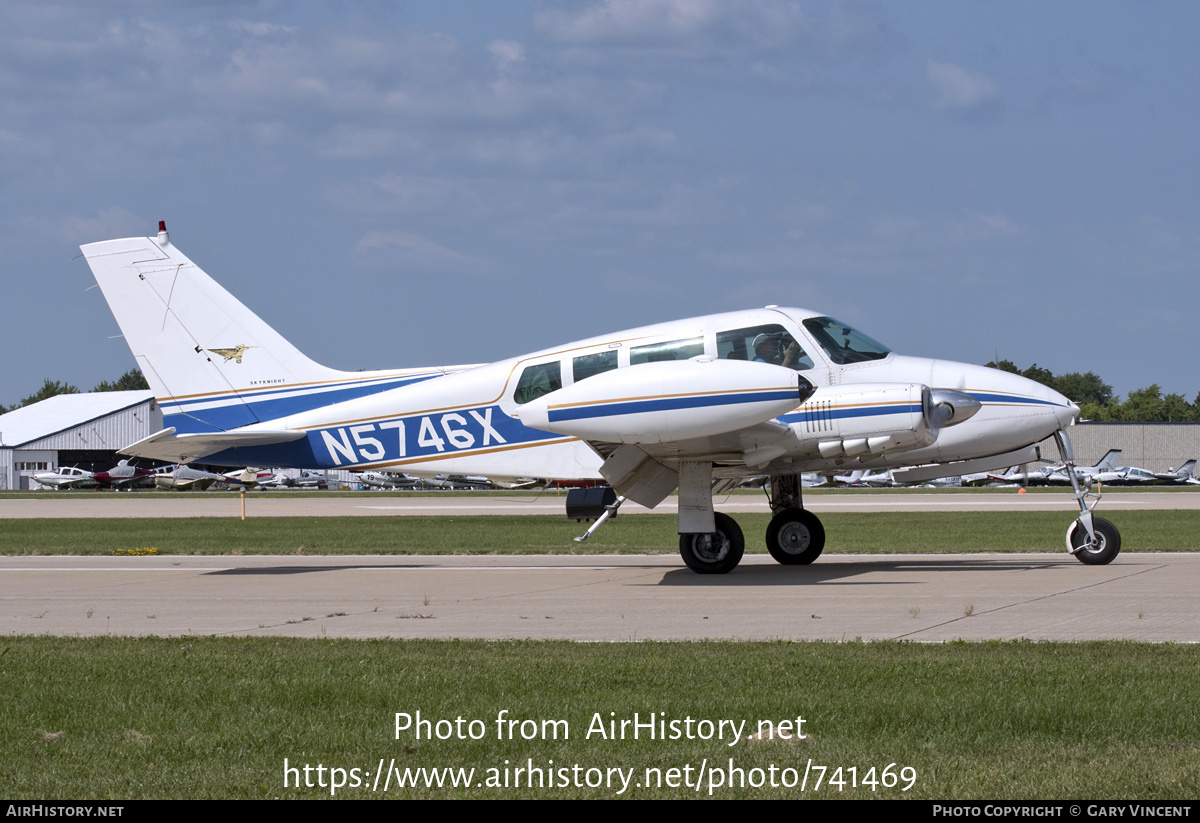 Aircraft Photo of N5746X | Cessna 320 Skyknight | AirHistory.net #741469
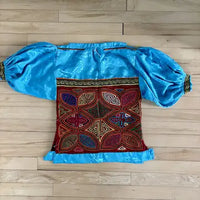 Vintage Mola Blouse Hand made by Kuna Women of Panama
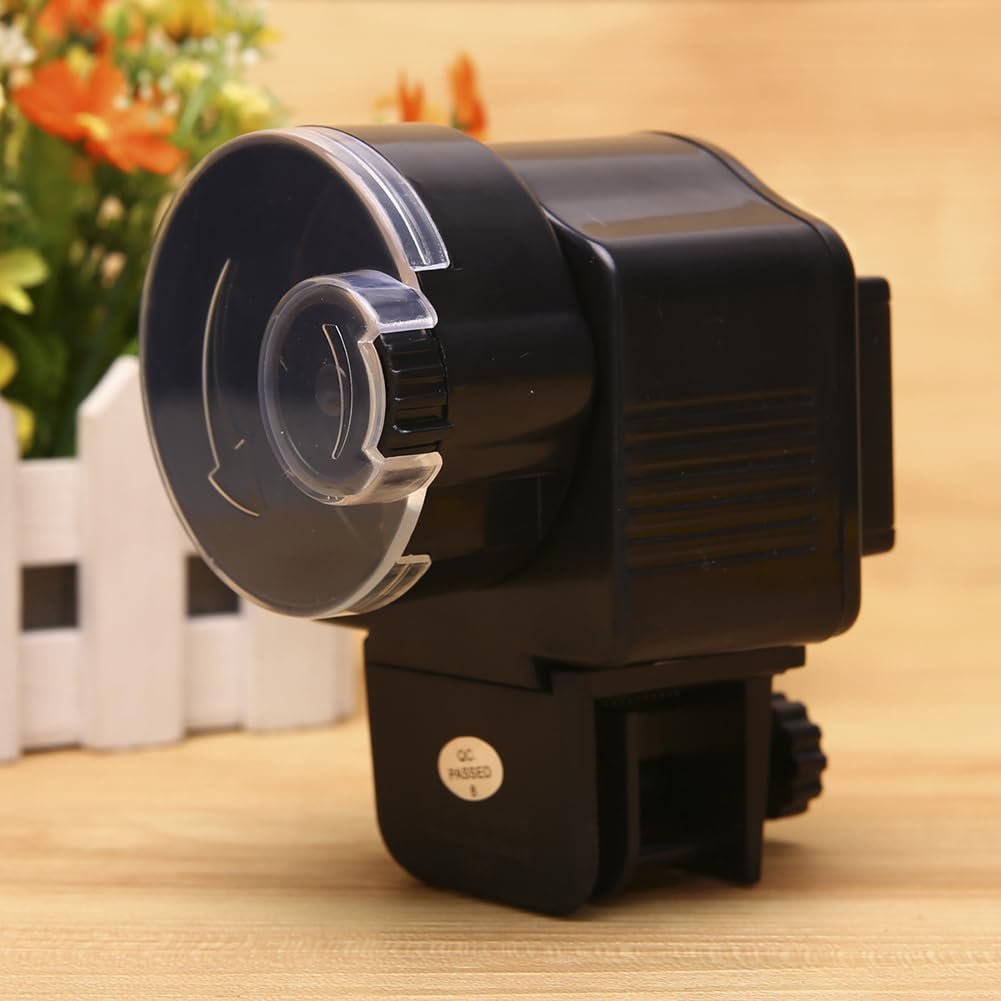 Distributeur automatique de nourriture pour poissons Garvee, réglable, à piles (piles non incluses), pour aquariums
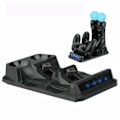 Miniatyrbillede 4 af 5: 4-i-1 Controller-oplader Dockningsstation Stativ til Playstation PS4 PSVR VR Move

Your task: Write out again, word for word, only the lines from the one with "Vintage Mola Blouse" through the last line of the material, and omit each picture.

Expected output:
 Vintage Mola Blouse Hand made by Kuna Women of Panama
 Distributeur automatique de nourriture pour poissons Garvee, réglable, à piles (piles non incluses), pour aquariums
 Miniatyrbillede 4 af 5: 4-i-1 Controller-oplader Dockningsstation Stativ til Playstation PS4 PSVR VR Move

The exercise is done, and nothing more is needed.